New Orleans attorney Jeannie Morris filed the original petition for damages in November 2009. It claims that two columns written by Times-Picayune columnist James Gill in August 2007 and October 2008 contained "false and defamatory statements which constitutes libel" against John F. Schwegmann.
The Schwegmann family has run grocery stores in New Orleans since 1869, but filed for bankruptcy in 2000 under the stewardship of CEO John F. Schwegmann, a position he earned when his father, John Gerald Schwegmann, stepped down in 1979.
The Schwegmanns also have positions in public office. John Gerald Schwegmann was state representative in 1961, state senator in 1968 and elected to the Public Service Commission in 1975. John F. Schwegmann succeeded his father on the Public Service Commission in 1980 and his wife, Melinda Schwegmann, was elected lieutenant governor of Louisiana in 1991.
Judge Herbert Cade dismissed the suit in May.
In February, New Orleans attorney Loretta Mince filed a motion to strike the case on behalf of the Times-Picayune.
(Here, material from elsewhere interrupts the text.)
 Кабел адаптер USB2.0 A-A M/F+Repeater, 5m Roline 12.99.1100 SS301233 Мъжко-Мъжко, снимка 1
The motion cited a Fourth Circuit Court of Appeals ruling against Schwegmann, in which he was ordered to pay his half sister, Melba Schwegmann Brown, over $5 million for mismanaging her trust fund.
The motion stated that none of Schwegmann's claims "are actionable under well-settled law" and that he "cannot establish that The Times-Picayune acted with actual malice," the constitutional requirement to succeed in a defamation claim regarding a public figure or public issue.
Plaintiffs unsuccessfully argued that Gill's statements that John F. Schwegmann "refused to give his sister" any of her trust money and that "it is impossible to believe that the value of [Melba Schwegmann Brown]'s trust could equal in excess of $5 million" were false.
Following Cade's ruling, Mince filed a motion on June 18 claiming that the Times-Picayune was entitled to $6,561 in attorney's fees and $732.72 in costs. A motion hearing had been set for July 23 but it was continued until Sept. 10.
Morris filed an appeal on Cade's ruling to strike the suit on behalf of the plaintiffs on July 9.